Kral Ferdinand ve Kraliçe İsabella Gır­nata yi teslim alırken verdikleri emannâmeye bağlı kalmadılar ve Kardinal Ximenes de Cimeros’un başkanlığında müslümanları kılıç zoruyla hıristiyanlaştırmaya çalıştılar. Kardinal ilk iş ola­rak büyük şenlikler yaptırıp İslâmî eser­leri yaktırdı. Engizisyon adı verilen iş­kenceler sonunda İspanyol asıllı müslümanlar da ken­dilerini vaftiz ettirerek hıristiyan oldu­lar. Hıristiyanlığı kabul etmeyenler ise öldürüldü. Aragon bölgesinde yaşayan müslümanlar 1526’da çıkarılan bir fermanla ya İslâm’dan dönmek veya İspan­ya’yı terketmek zorunda bırakıldılar. Bir müddet sonra Kral II. Philip de ülkede kalan müslümanların dillerini, dinlerini ve hayat tarzlarını derhal terketmelerini emreden bir kanun çıkardı. III. Philip ise 1609’da bütün müslümanların sınır dışı edilmelerini istedi.

Gırnata’nın işgalinden itibaren çok büyük sıkıntılara mâruz kalan Endülüs müslümanları zaman zaman Kuzey Af­rika sahillerine ve diğer İslâm ülkelerine sığınmışlardır.
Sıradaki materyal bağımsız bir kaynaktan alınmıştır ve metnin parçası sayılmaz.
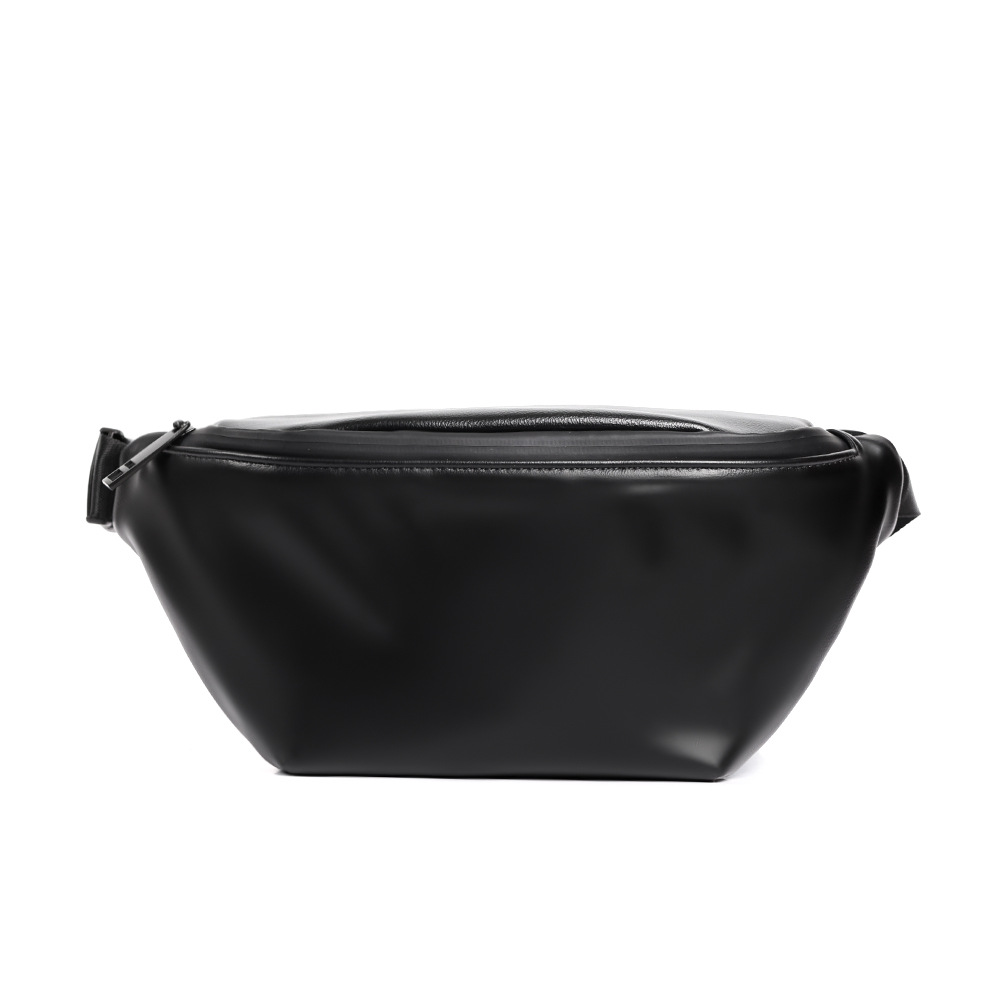 Retro Umhängetasche für Herren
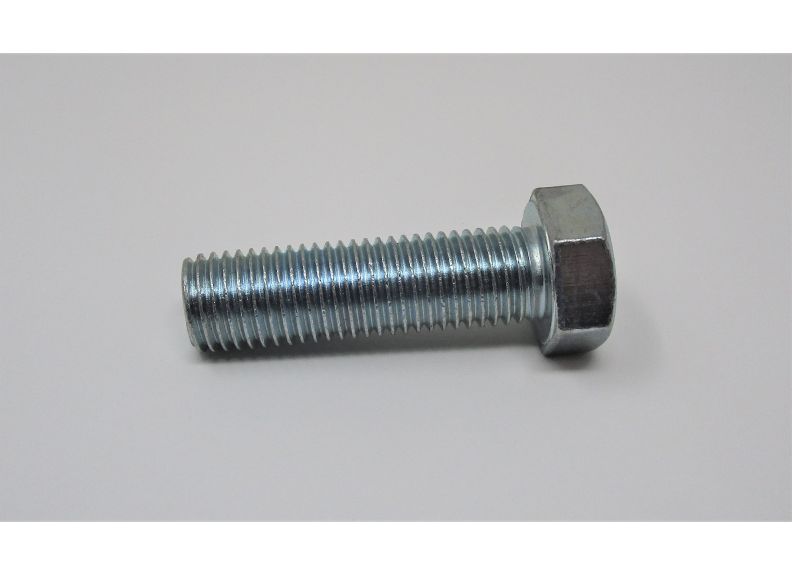 Hex Head Bolt, M16X55 | PWBS14-109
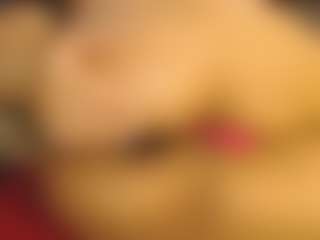 pamelaevanns's Live Sex Cam Show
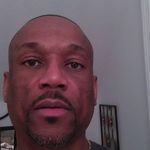 steven philips - @stevenphilips1 - Instagram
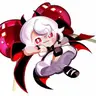 Profile image of 캔디애플맛 쿠키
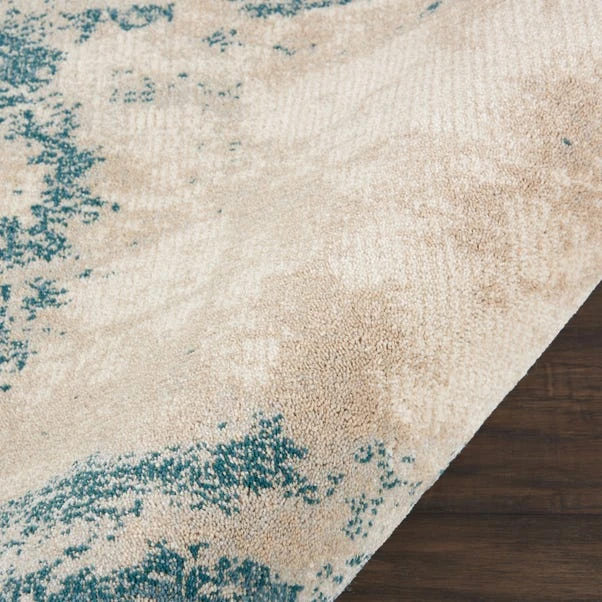 Maxwell 13 Runner 5 Maxwell 13 Runner - Image 5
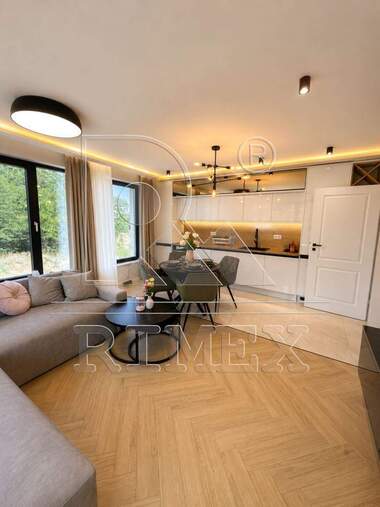 For sale - Apartment in Otdih i kultura,  Plovdiv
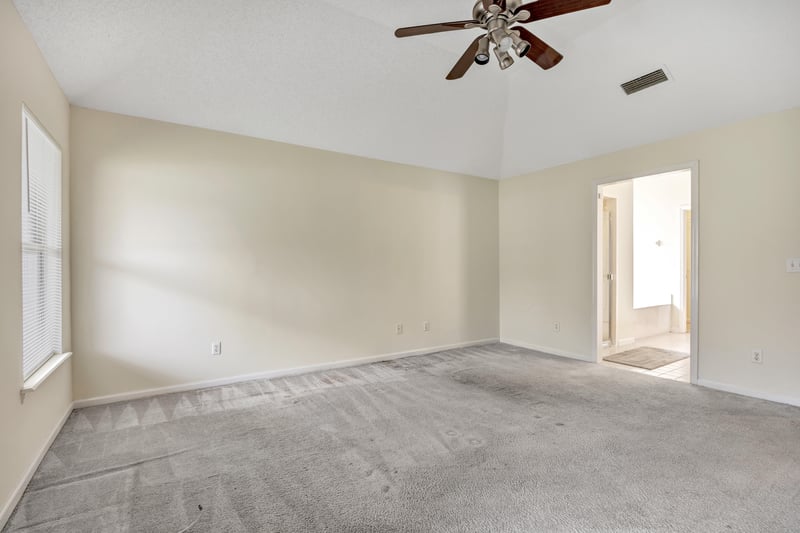 Photo 16 of 4565 Mainmast Ln, Jacksonville, FL 32277, photographed by Megapixeler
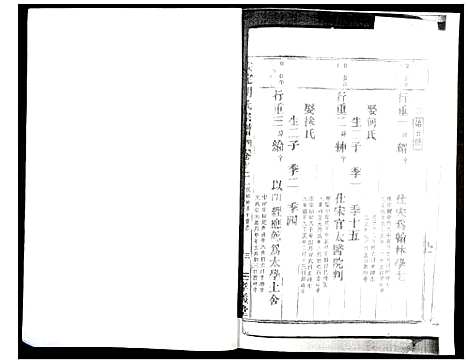 [下载][安定胡氏宗谱]浙江.安定胡氏家谱_二.pdf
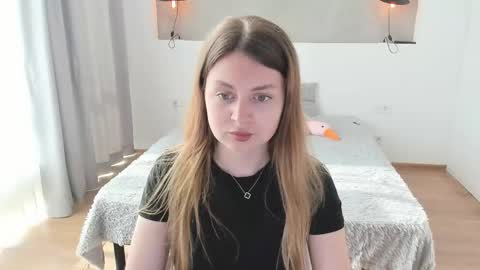 kitkatvel online show from June 2, 5:53 am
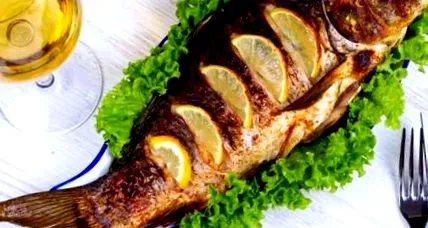 recept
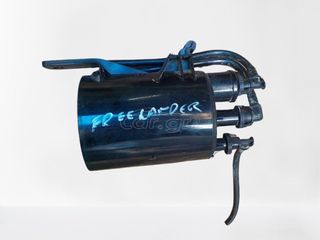 ΔΟΧΕΙΟ ΕΝΕΡΓΟΥ ΑΝΘΡΑΚΑ LAND ROVER FREELANDER '98-'07 18K4F  1800cc   17099023
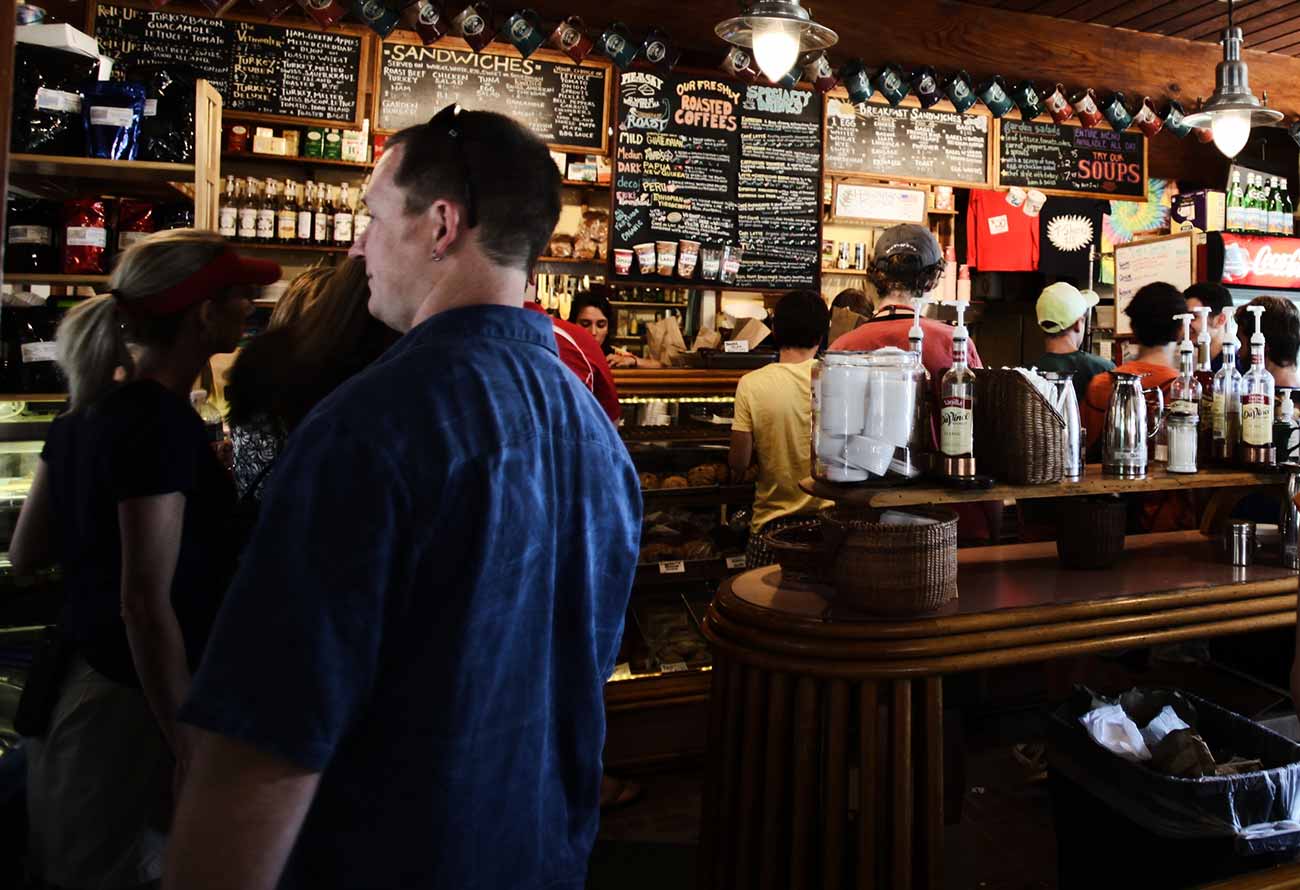 Craft Beer Fairs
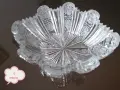 Кухненски красотички, снимка 3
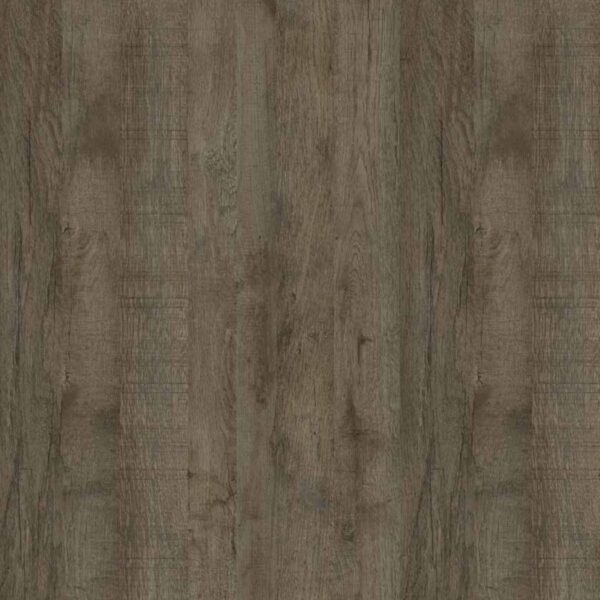 Όλα τα Έπιλα Εξωτερικού Χώρου Fundermax 0820 HAZEL HERITAGE OAK MAX COMPACT EXTERIOR FUNDERMAX BROWN CORE F QUALITY NT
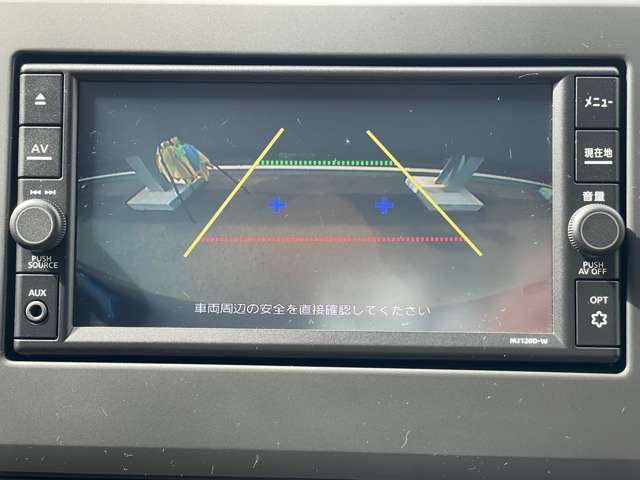 複数画像5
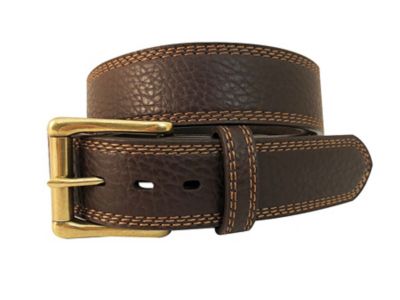 john deere belt buckles for sale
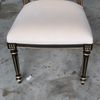 GHẾ ĂN CỔ ĐIỂN LOUIS XVI THEON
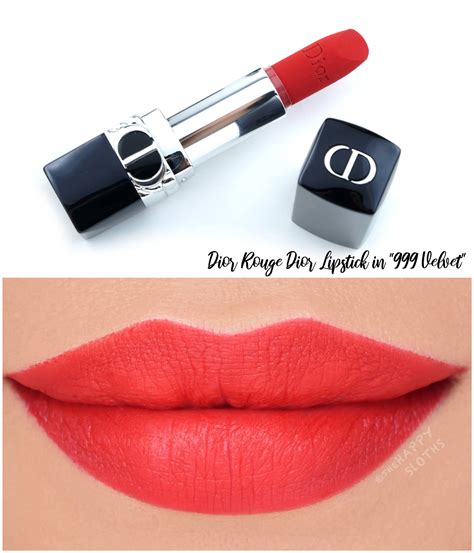 similaar rouge dior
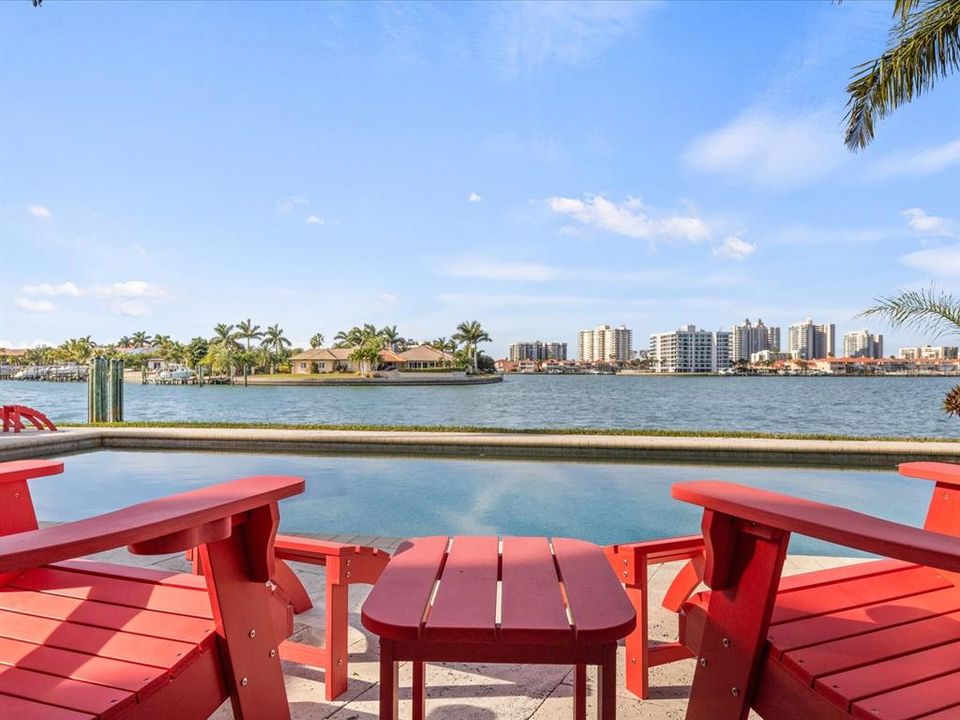 出租: $25,000 (4 贝兹, 4 浴室, 3958 平方英尺)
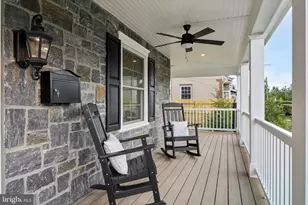 530 Kenmore Rd, Havertown, PA 19083 - Photo 35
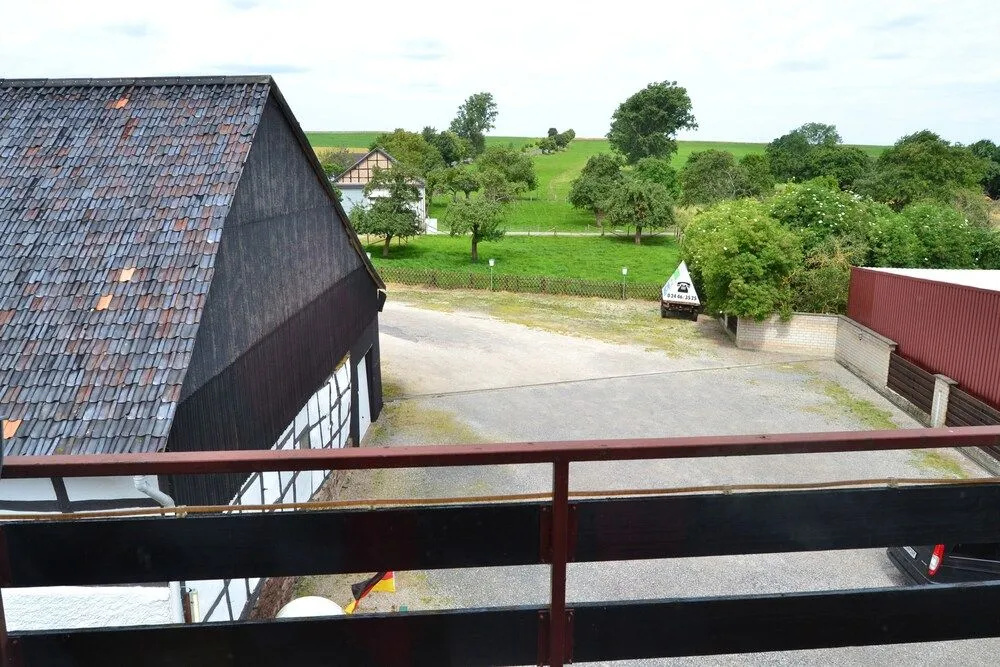 Eifelhof Weina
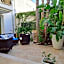 Falli Exclusive Rooms and Breakfast -Boutique B&B-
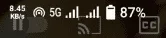 1657174927142.webp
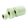 SCHULLER - DRYWALL TAPE PRO - PRÉMIUM ÜVEGSZÖVET SZALAG - 48 MM X 90 M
Osmanlı Devleti 1505’te Kemal Reis’i bir filoyla Endülüs sahille­rine göndermiş ve bazı müslümanlarla yahudileri kurtararak Anadolu’ya getir­miştir. Daha sonra 977 tarihli bir hükümle Kaptanıderyâ ve Cezayir Bey­lerbeyi Kılıç Ali Paşa Endülüs müslümanlarına yardımla görevlendirilmiştir. Bu­nun üzerine çok sayıda müslüman ve yahudi Osmanlı hakimiyetindeki topraklara yerleştirilmiş ve üretici duruma ge­linceye kadar her türlü vergiden muaf tutulmuştur. Aragon bugün İspanya’nın özerk bir bölgesi olup merkezi Zaragoza. yüzölçümü 47.650 km2, nüfusu ise 1.215.600’dür.